#### [Try it]
Keeping every word the same, give again only the lines from the one with "Quinn Apartments — Photo 23" through the end of the data, both included, and leave every picture out.

#### [Web page caption snippets]
^^^^^^^^

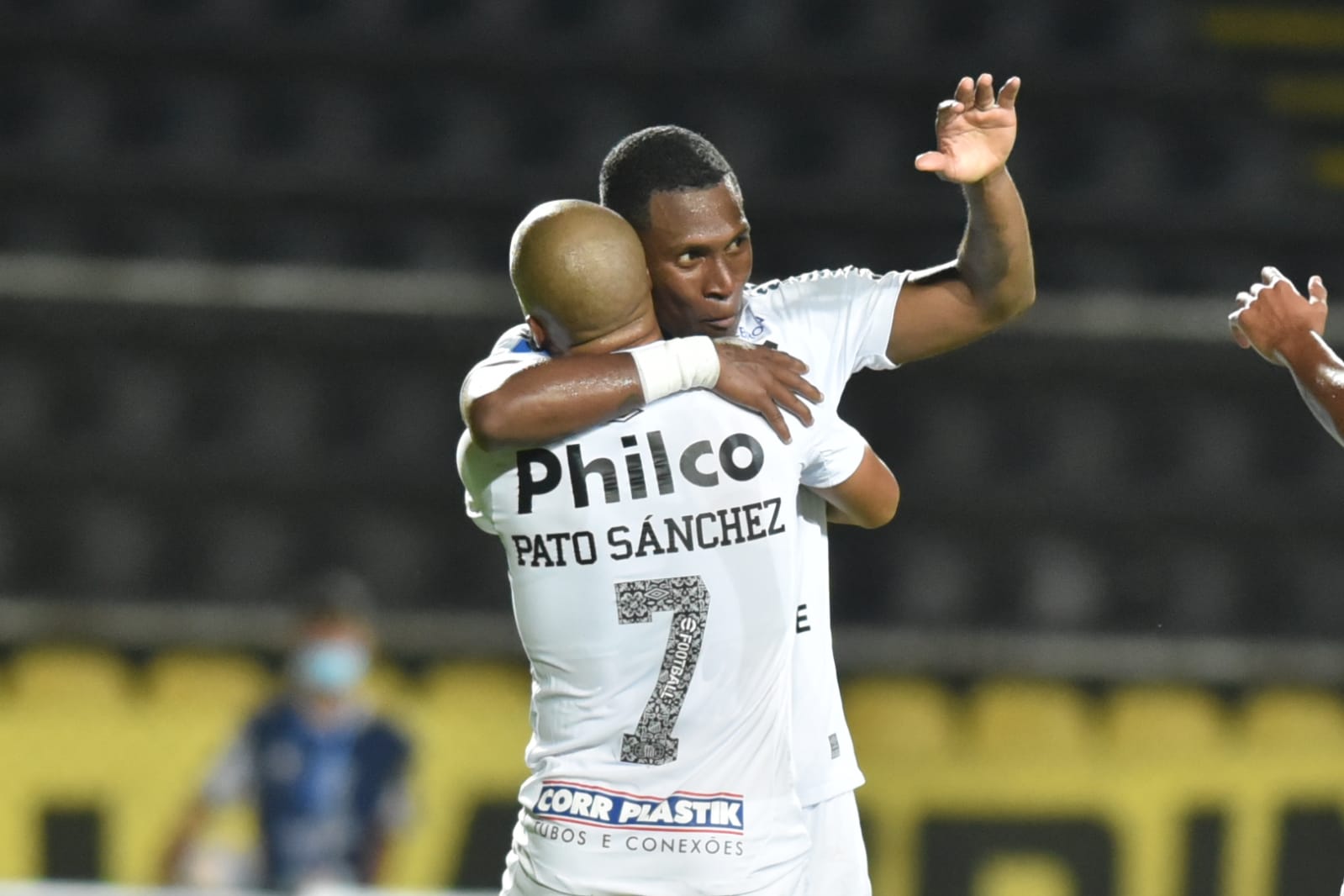 Santos marca no fim e busca empate com Táchira em jogo de ida das
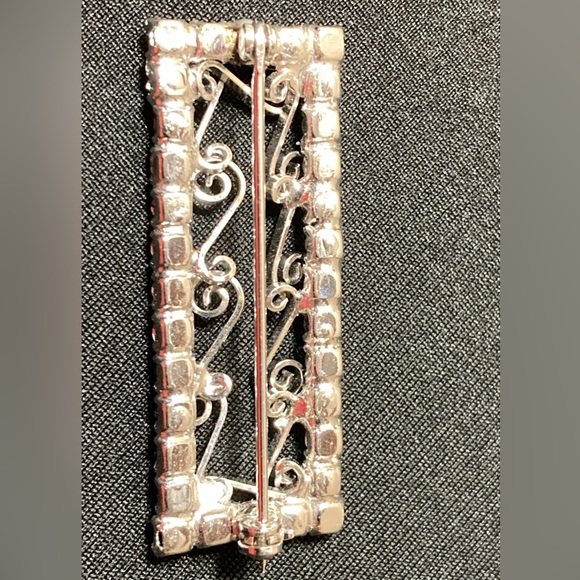 VINTAGE RECTANGULAR SILVER TONE RHINESTONE BROOCH WITH SPIRALS - UNSIGNED - Picture 3 of 10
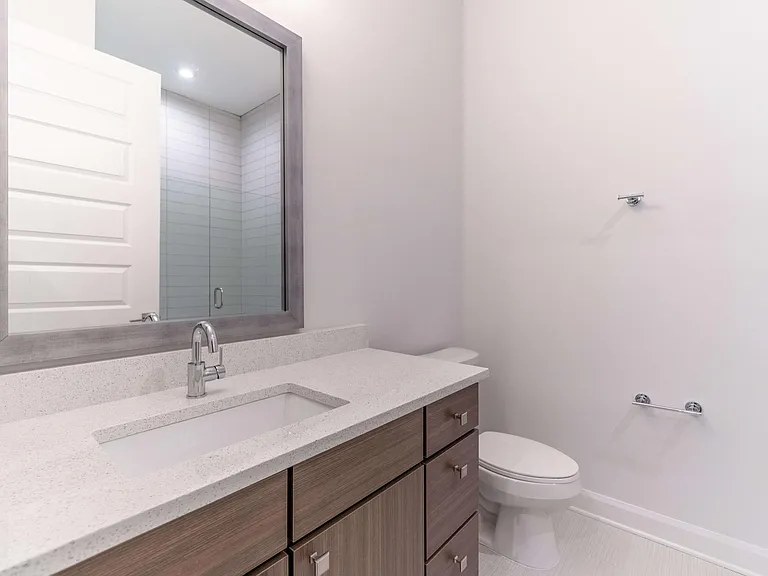 Quinn Apartments — Photo 23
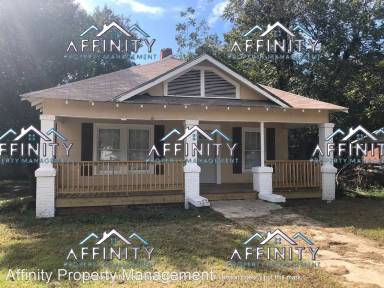 Main picture of 574 Villa Crest Ave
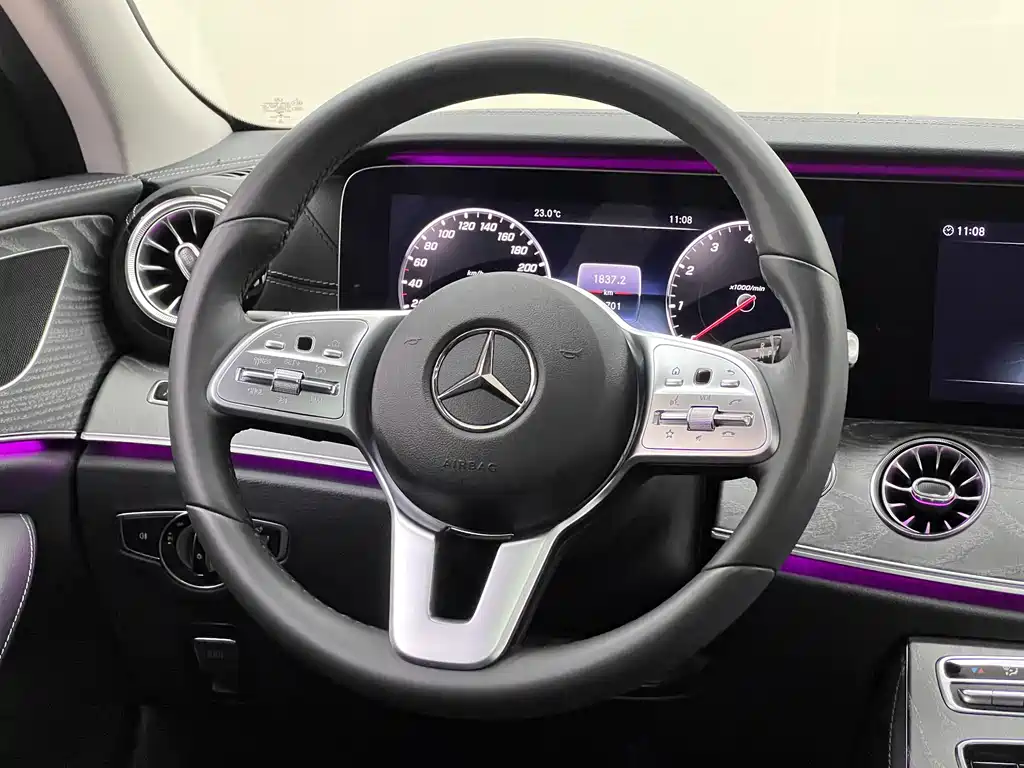 Mercedes-Benz CLS 2019 — фото 20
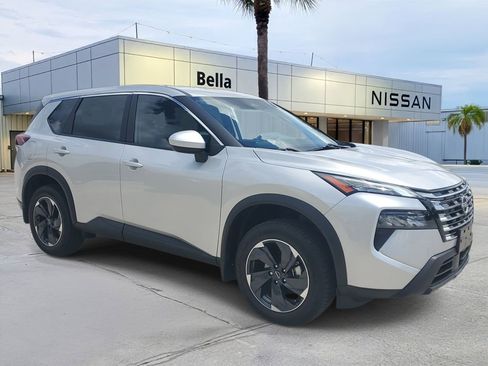 Certified 2024 Nissan Rogue SV AWD/4WD image 10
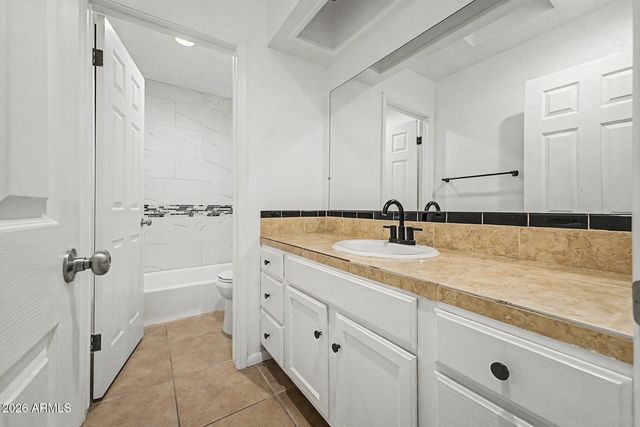 7502 E THOMAS Road 301, Scottsdale, AZ 85251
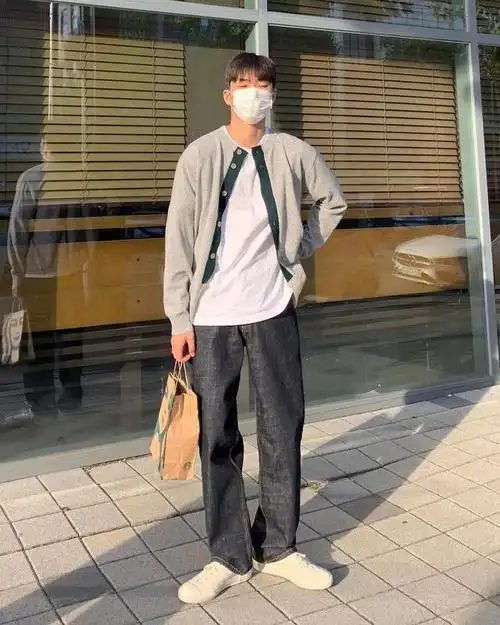 瘦竹竿男生秋天怎么穿好看4套潮流有型的搭配跟着穿很帅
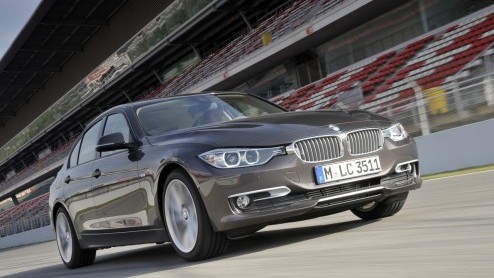BMW heeft de prijzen van de nieuwe 3 Serie paraat. Vanaf februari volgend jaar is de sedan er vanaf 35.900 euro. Samen met de gelijk geprijsde dieselinstapper 316d en de 320d EfficientDynamics Edition
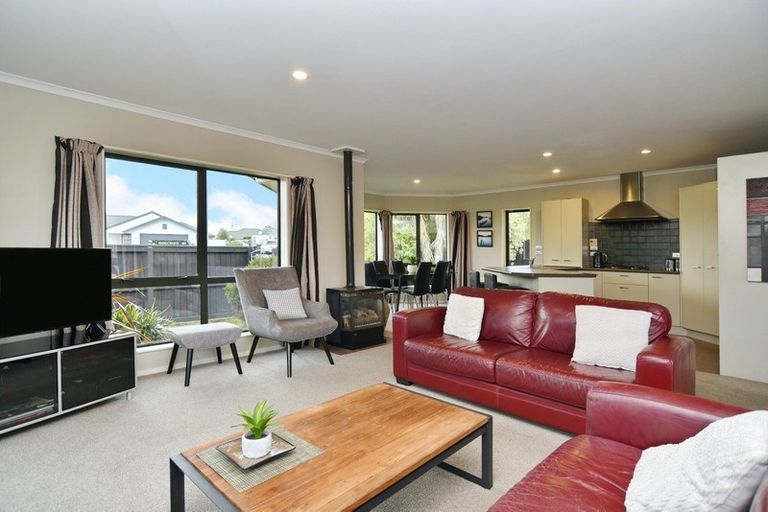 Photo of property in 30 John Morel Place, Parklands, Christchurch, 8083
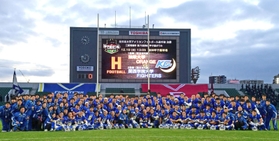 甲子園ボウル出場を決め記念撮影をする関学大ファイターズ＝５日夕、ヨドコウ桜スタジアム（撮影・中西幸大）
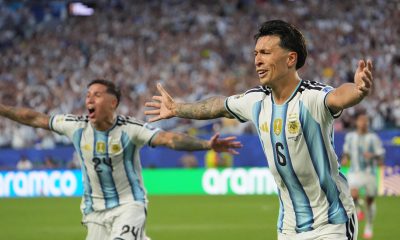 Lisandro Martinez (d), de Argentina, celebra el gol del triunfo de su selección sobre la de Cabo Verde (3-2) en el partido de dieciseisavos de final del Mundial de Estados Unidos, México y Canadá disputado este viernes. EFE/Alberto Boal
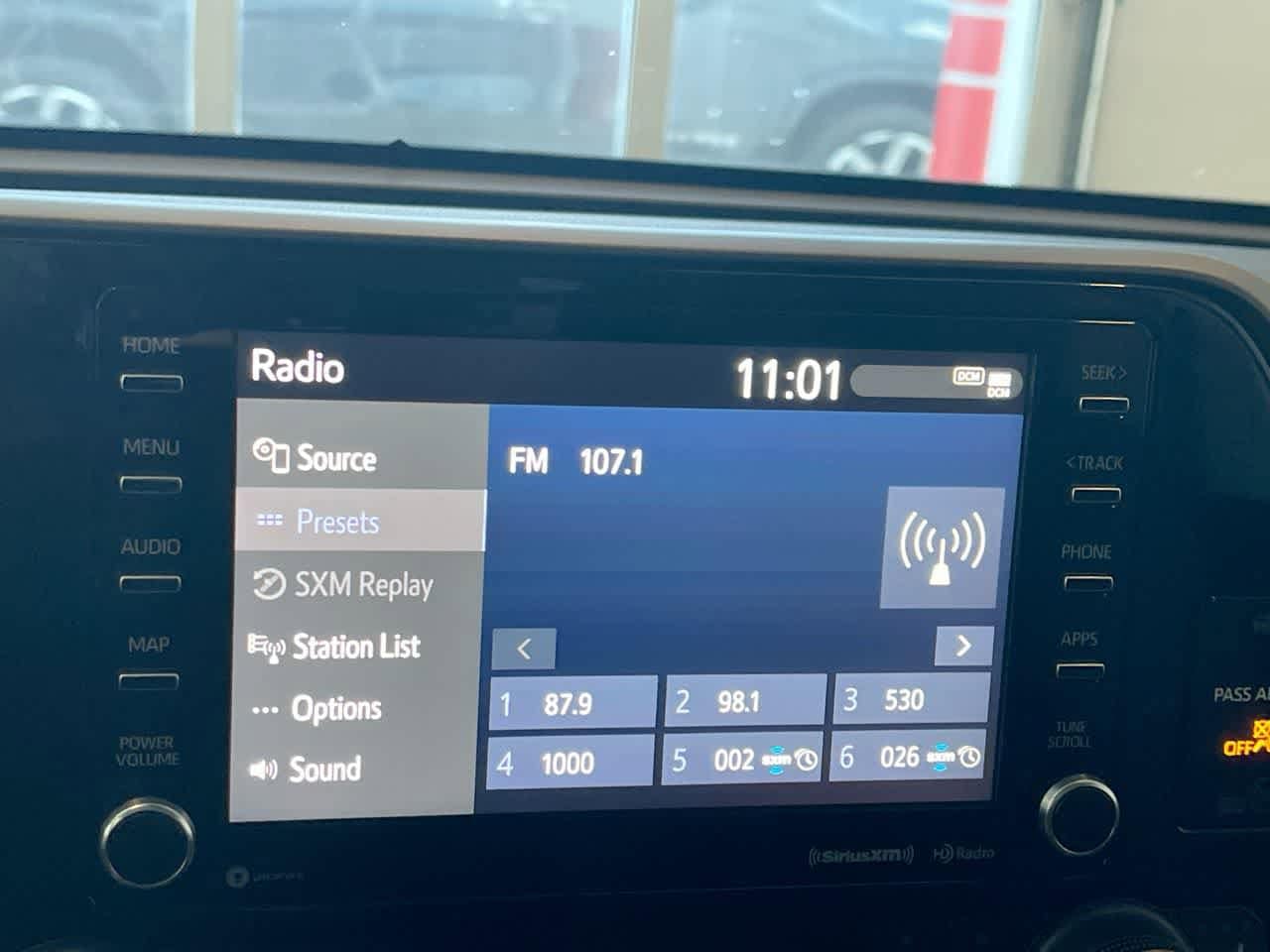 Thumbnail: 2022 Toyota Highlander - 16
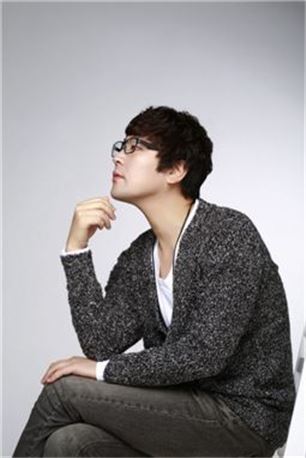 '복면가왕' 스파르타 정체는 이정봉…어떤 노래 불렀나 했더니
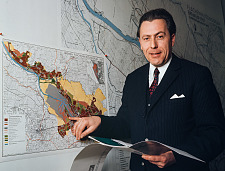 Stefan Seifriz, Bremer Senator für das Bauwesen von 1969 bis 1979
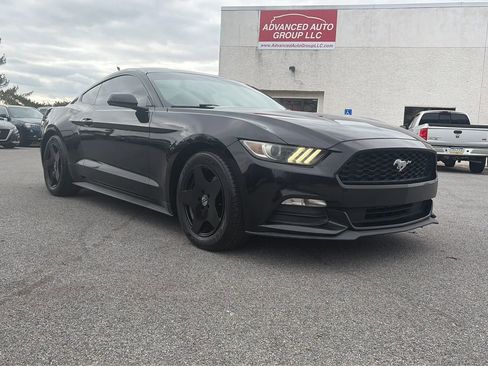 Used 2015 Ford Mustang Coupe image 14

^^^^^^^^

#### [Response for this exercise]
 Quinn Apartments — Photo 23
 Main picture of 574 Villa Crest Ave
 Mercedes-Benz CLS 2019 — фото 20
 Certified 2024 Nissan Rogue SV AWD/4WD image 10
 7502 E THOMAS Road 301, Scottsdale, AZ 85251
 瘦竹竿男生秋天怎么穿好看4套潮流有型的搭配跟着穿很帅
BMW heeft de prijzen van de nieuwe 3 Serie paraat. Vanaf februari volgend jaar is de sedan er vanaf 35.900 euro. Samen met de gelijk geprijsde dieselinstapper 316d en de 320d EfficientDynamics Edition
 Photo of property in 30 John Morel Place, Parklands, Christchurch, 8083
 甲子園ボウル出場を決め記念撮影をする関学大ファイターズ＝５日夕、ヨドコウ桜スタジアム（撮影・中西幸大）
 Lisandro Martinez (d), de Argentina, celebra el gol del triunfo de su selección sobre la de Cabo Verde (3-2) en el partido de dieciseisavos de final del Mundial de Estados Unidos, México y Canadá disputado este viernes. EFE/Alberto Boal
 Thumbnail: 2022 Toyota Highlander - 16
 '복면가왕' 스파르타 정체는 이정봉…어떤 노래 불렀나 했더니
 Stefan Seifriz, Bremer Senator für das Bauwesen von 1969 bis 1979
 Used 2015 Ford Mustang Coupe image 14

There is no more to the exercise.